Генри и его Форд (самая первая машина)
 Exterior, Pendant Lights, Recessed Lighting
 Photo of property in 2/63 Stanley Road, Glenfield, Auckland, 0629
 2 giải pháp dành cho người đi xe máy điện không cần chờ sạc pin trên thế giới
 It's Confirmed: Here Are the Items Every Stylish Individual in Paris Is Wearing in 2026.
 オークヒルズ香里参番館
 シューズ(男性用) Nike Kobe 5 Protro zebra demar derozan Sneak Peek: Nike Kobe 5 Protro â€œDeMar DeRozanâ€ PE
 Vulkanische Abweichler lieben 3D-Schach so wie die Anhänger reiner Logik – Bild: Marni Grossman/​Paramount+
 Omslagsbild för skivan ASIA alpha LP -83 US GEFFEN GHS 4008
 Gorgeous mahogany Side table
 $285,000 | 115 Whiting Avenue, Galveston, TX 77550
○ ○ ○ ○
Copy all of the entries above exactly as shown.

### [FINISHED EXERCISE]
Генри и его Форд (самая первая машина)
 Exterior, Pendant Lights, Recessed Lighting
 Photo of property in 2/63 Stanley Road, Glenfield, Auckland, 0629
 2 giải pháp dành cho người đi xe máy điện không cần chờ sạc pin trên thế giới
 It's Confirmed: Here Are the Items Every Stylish Individual in Paris Is Wearing in 2026.
 オークヒルズ香里参番館
 シューズ(男性用) Nike Kobe 5 Protro zebra demar derozan Sneak Peek: Nike Kobe 5 Protro â€œDeMar DeRozanâ€ PE
 Vulkanische Abweichler lieben 3D-Schach so wie die Anhänger reiner Logik – Bild: Marni Grossman/​Paramount+
 Omslagsbild för skivan ASIA alpha LP -83 US GEFFEN GHS 4008
 Gorgeous mahogany Side table
 $285,000 | 115 Whiting Avenue, Galveston, TX 77550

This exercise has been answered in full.